2020 marks the 20th anniversary of the European Forum for Restorative Justice (EFRJ). Since our first year in 2000, the EFRJ and his network has been working tirelessly to raise public awareness of restorative justice and its benefits, to influence public policy so that restorative justice is available, well resourced and accessible to all who need it, and to promote excellence in research and practice. All of you played a crucial role on the enduring history of the organisation. Now is time to celebrate and we encourage you to join us on the different initiatives we’ve launched for this occasion!
We started the celebration of our anniversary by launching a new and fresh visual style and a new slogan: “Connecting people to restore just relations”. Next, we launched a call for testimonies, to give a voice to all those people who participated in restorative justice programmes in the past years. We also encourage our members to contribute to the Jubilee Magazine, a collection of articles on the past, present and future of the EFRJ and the restorative justice movement. We will conclude the year with the REstART Festival, a mix of online and live events on arts, justice, solidarity and repair.

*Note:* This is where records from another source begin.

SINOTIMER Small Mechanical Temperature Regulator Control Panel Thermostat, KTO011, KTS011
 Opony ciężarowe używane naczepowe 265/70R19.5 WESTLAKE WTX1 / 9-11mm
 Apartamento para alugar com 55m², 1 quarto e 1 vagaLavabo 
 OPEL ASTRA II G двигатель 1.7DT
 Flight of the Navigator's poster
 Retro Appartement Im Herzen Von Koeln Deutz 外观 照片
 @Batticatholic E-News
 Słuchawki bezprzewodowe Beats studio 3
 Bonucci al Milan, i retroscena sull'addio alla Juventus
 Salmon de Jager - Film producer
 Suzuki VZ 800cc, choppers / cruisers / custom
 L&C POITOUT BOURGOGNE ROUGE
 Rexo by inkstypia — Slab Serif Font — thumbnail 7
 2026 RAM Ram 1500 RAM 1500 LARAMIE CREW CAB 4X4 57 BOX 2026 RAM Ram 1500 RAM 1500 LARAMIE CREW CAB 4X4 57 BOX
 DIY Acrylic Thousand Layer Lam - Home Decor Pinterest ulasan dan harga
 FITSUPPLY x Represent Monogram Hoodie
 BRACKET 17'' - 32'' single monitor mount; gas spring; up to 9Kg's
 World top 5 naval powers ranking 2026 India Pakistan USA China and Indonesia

The EFRJ was officially established exactly 20 years ago, after a preparatory period of a couple of years where a small group of committed people from different countries explored and discussed the desirability and feasibility of creating a European organisation.
There was a strong belief that we needed a process of re-thinking our understandings of crime and punishment and a strong need to integrate the victim’s perspective in probation and prison work. Already in the late 1960s, in the UK and The Netherlands some experiments included victim-offender groups and innovative programmes of restitution. Later on, under the influence of the victims movement, more attention was drawn to the needs and interests of the victim, fed by a strong concern that victims – through victim-offender mediation and other restorative justice practices – should not be ‘used’ or ‘instrumentalised’ on behalf of the offender. Nowadays, it is generally accepted that restorative justice should adopt an inclusive and impartial or, even better, a ‘multi-partial’ approach, offering recognition and support to both victim and offender, while also facilitating involvement of community members.
Today, the EFRJ brings together a wide range of professionals: practitioners and restorative justice services, policy makers, researchers and criminal justice practitioners from all over Europe and we’re proud to say that the EFRJ is by now the largest European NGO in restorative justice with a membership of about 500!